**PROBLEM DESCRIPTION:** Return the listing in full. Keep each line exactly as it is.
-- THE DATA follows --
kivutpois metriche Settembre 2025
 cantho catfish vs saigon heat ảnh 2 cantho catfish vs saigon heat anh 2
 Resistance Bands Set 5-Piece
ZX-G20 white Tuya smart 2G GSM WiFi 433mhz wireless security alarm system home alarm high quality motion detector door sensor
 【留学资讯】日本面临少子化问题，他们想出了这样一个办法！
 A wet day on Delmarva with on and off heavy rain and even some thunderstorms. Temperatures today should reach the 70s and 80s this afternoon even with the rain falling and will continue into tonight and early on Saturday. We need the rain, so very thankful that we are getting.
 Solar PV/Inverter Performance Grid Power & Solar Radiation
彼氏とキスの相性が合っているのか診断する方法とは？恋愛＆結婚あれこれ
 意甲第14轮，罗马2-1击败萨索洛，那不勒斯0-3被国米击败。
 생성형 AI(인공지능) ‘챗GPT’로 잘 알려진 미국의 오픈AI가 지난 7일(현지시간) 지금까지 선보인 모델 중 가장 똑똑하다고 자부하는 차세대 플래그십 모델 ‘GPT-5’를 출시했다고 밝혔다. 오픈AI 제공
-- THE DATA concluded --
**EXERCISE RESPONSE:**
kivutpois metriche Settembre 2025
 cantho catfish vs saigon heat ảnh 2 cantho catfish vs saigon heat anh 2
 Resistance Bands Set 5-Piece
ZX-G20 white Tuya smart 2G GSM WiFi 433mhz wireless security alarm system home alarm high quality motion detector door sensor
 【留学资讯】日本面临少子化问题，他们想出了这样一个办法！
 A wet day on Delmarva with on and off heavy rain and even some thunderstorms. Temperatures today should reach the 70s and 80s this afternoon even with the rain falling and will continue into tonight and early on Saturday. We need the rain, so very thankful that we are getting.
 Solar PV/Inverter Performance Grid Power & Solar Radiation
彼氏とキスの相性が合っているのか診断する方法とは？恋愛＆結婚あれこれ
 意甲第14轮，罗马2-1击败萨索洛，那不勒斯0-3被国米击败。
 생성형 AI(인공지능) ‘챗GPT’로 잘 알려진 미국의 오픈AI가 지난 7일(현지시간) 지금까지 선보인 모델 중 가장 똑똑하다고 자부하는 차세대 플래그십 모델 ‘GPT-5’를 출시했다고 밝혔다. 오픈AI 제공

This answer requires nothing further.